I’m falling behind with this travel blogging thing, partly because the fact of “having a life” has been a terrible inconvenience and gotten in the way, and partly because I just wasn’t sure what to write about LA. 


The truth is I didn’t want to go to LA. It seemed like it was going to be motorised, excessive … and let’s face it - crazy shit happens there.


My first impressions of the city lived up to these expectations as I sat in a bus and stared out into the endless motorways, palm trees and box-like buildings in plastic colours that lined the streets, each attached to a grey parking lot.

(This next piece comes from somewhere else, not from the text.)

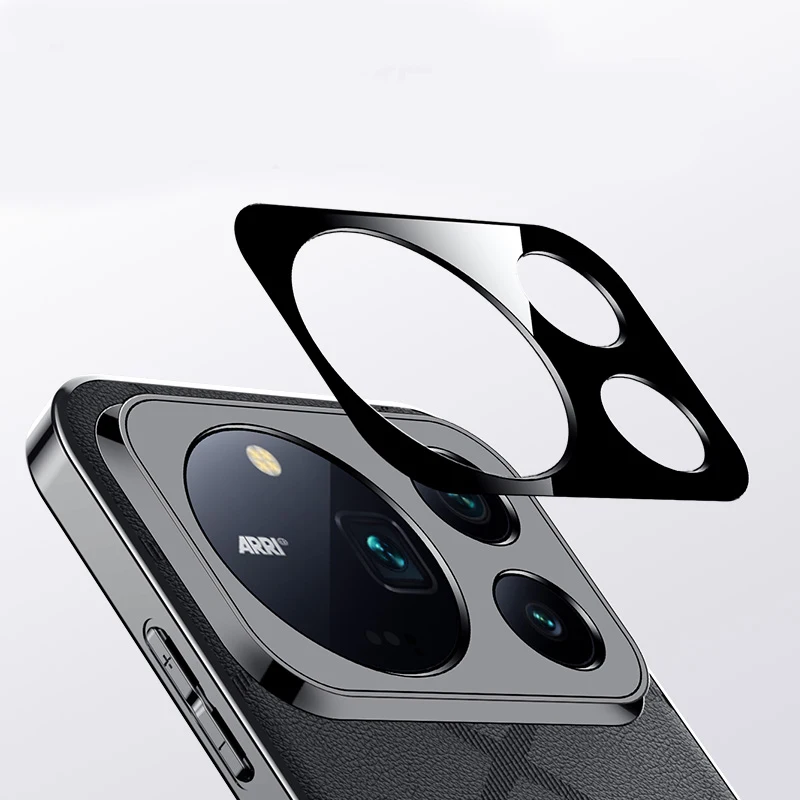 Luxury PU Leather Phone Case with Electroplated Soft Frame Protection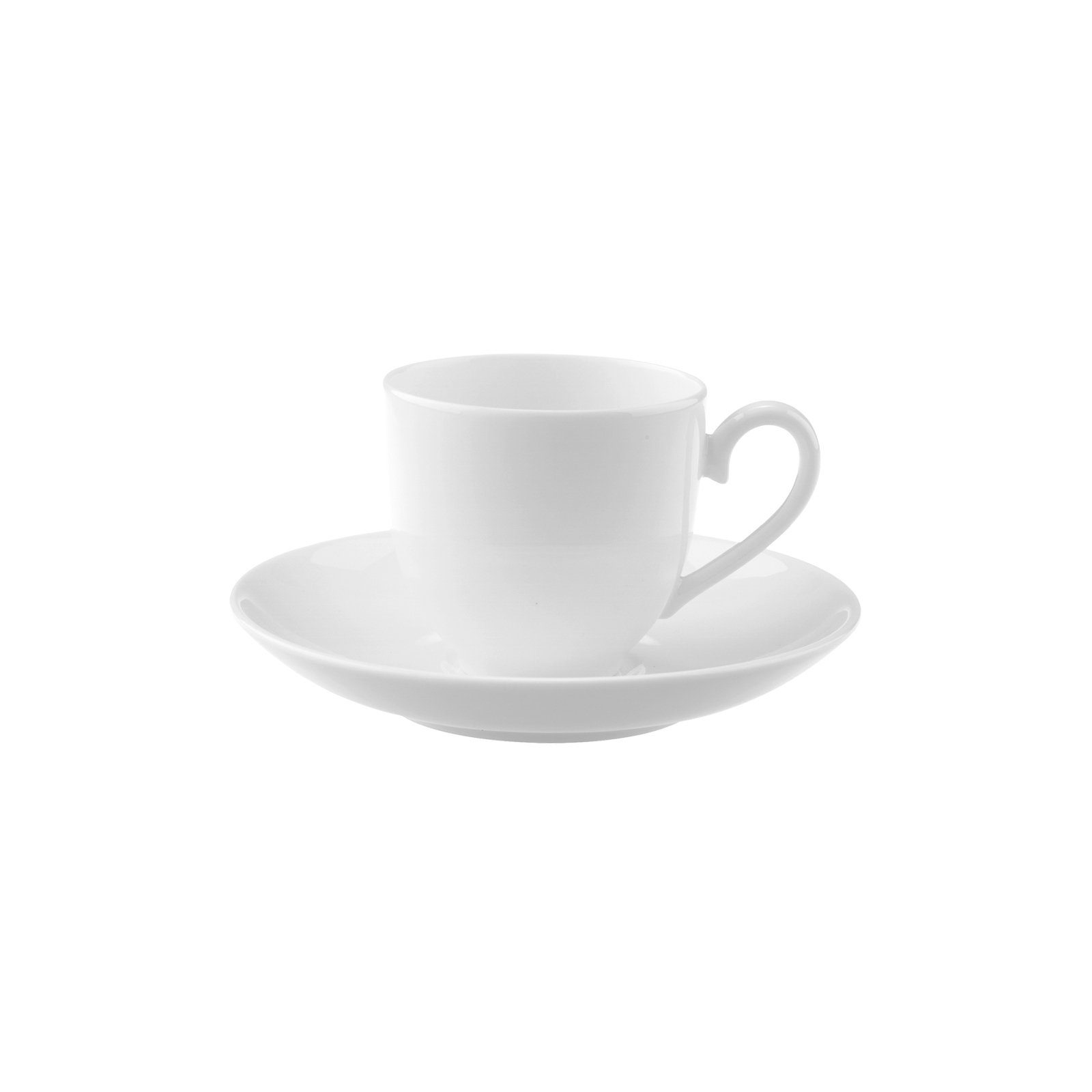 Villeroy & Boch Tasse Royal Mokka-/ Espressotasse mit Untertasse 100 ml, 2-tlg., Porzellan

How strange and perplexing, I thought, that the good folks of LA would let their city be dominated by such distant and cold streetscapes and such hideous, temporary-looking buildings? Why not invest in architecture and public transport that could become more iconic and lasting? 


But of course, there were thoughtful public spaces and attractions in LA too: the Griffith Observatory, high on a hill in vast parklands minutes away from the urban hustle and bustle, so perfectly melded together science and aesthetics; the Getty Center, perched on another hill, was a nirvana of artworks, landscape and nature. Each room was flooded with natural light, each compound faced out onto a plaza, or endless lawns where people sat, ate and socialised instead of being forced to walk past endless paintings and sculptures with sore feet.


From then on, LA seemed to swing between extreme tackiness and extreme elegance; excessive richness and poverty lurking in the cigarette fumes of homeless men. Coldness and warmth. 






The final saving grace in LA was of course the people I met, fellow bloggers and blog readers. Thanks to Twitter, we live in a strange world where we often get to know what someone had for breakfast, how they did at school or how drunk they were on Friday night well before we ever put a face or a voice to the personality.


“How do you know they’re not all kidnappers?” Mum asked me as I told her my plans for the trip.


That, folks, is called a generation gap. 


On my final day in LA, I went to LACMA, which was surprisingly huge with a fascinating collection.


As I walked out of the compound, tourists were taking photos next to the “Urban Light” installations on the street front. Kids were playing hide and seek in between the chess board-like set up of the lamp posts. The sun was setting and casted a golden haze from the West over the city. It was the kind of goldenness that reminded you of stereotypical films about California where beautiful people ran in slow motion across beaches and smooched each other with the kind of intensity not seen since the fall of Nazi Germany. 


Right there and then, how could you not feel incredibly happy about life?


Thank you, LALA Land. I do think we’ll meet again.